Pamela, or Virtue Rewarded, by Samuel Richardson

Having spoken last week about what I believe is the honorable, even heroic calling of writing and reading fiction, I thought it appropriate to go back and read one of the earliest novels. As with The Sorrows of Young Werther I was very familiar with this 1740 classic but had never actually read it. I knew that it was an epistolary novel, a series of letters, and hugely successful. Unlike earlier epistolary novels which were adventure or romantic adventure stories, Richardson’s story is more about the character of Pamela, a 15-year-old housemaid and life in an upper-class household.

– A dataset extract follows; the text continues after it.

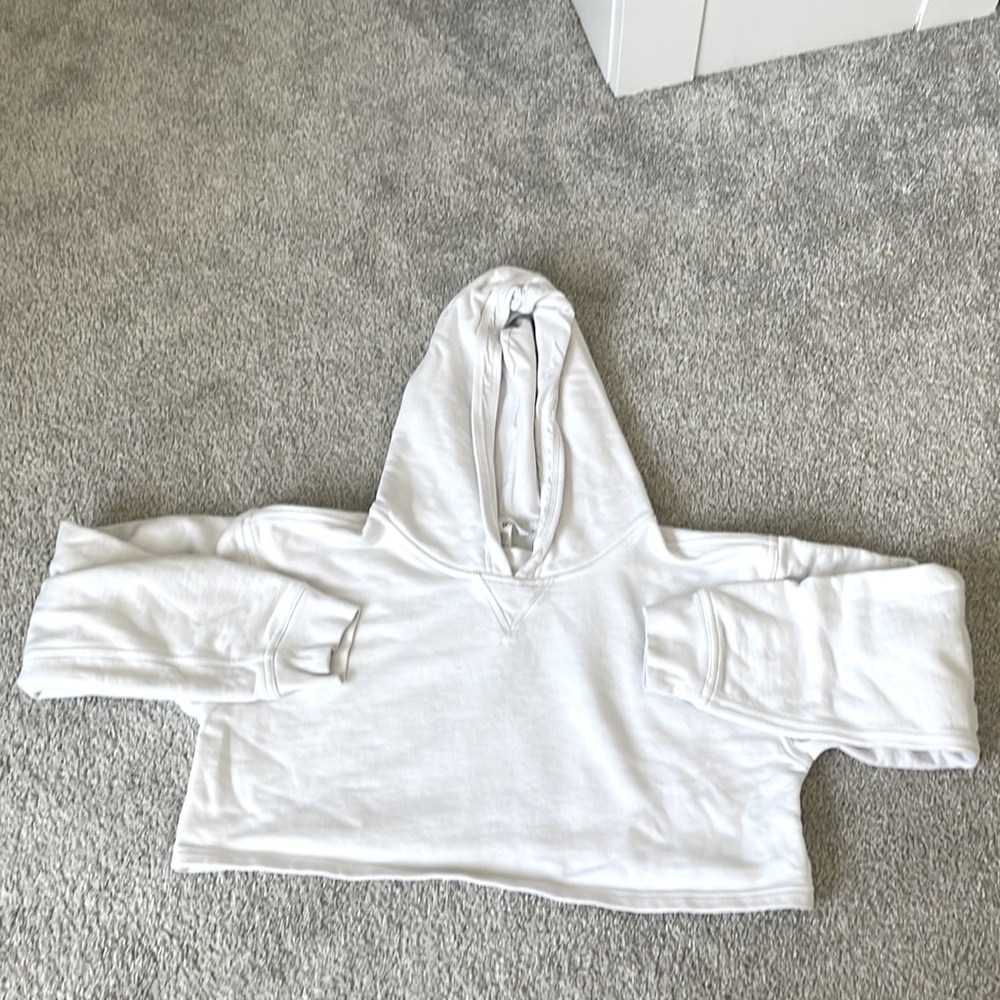 lululemon all yours cropped hoodie size 8 condition newer good for working out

Pamela is by her own account a pious and respectable girl whom everyone loves. Unfortunately, her master loves her a bit too much for her comfort and makes unwanted advances which she parries using her feeble weapons: words, fainting fits, and the support of other servants, though that support must be tempered by their fear of and dependence on their master. Thinking about how helpless she was to prevent him if he chose to force himself on her, I was reminded of The Tale of Genji and how such behaviour was considered commonplace. 18th century England is a long way from 11th century Japan, but I was not surprised to find Pamela’s aristocratic neighbours and servants from other houses declaring that Mr. B making her his mistress should be the obvious and ordinary outcome. Even today, with all the strides we have made in enabling women to be our own selves and not some man’s servant or property, there are too many women who are helpless against their abusers.

The first part of the story is a series of letters Pamela writes to her parents relating her problems with Mr. B. and asking for their advice. The second and much longer part is a journal that she keeps, still addressing her parents as though writing a long letter to them, telling them of her trials and assuring them of her determination to preserve her honor. She also tries to analyse people’s motives, including her own.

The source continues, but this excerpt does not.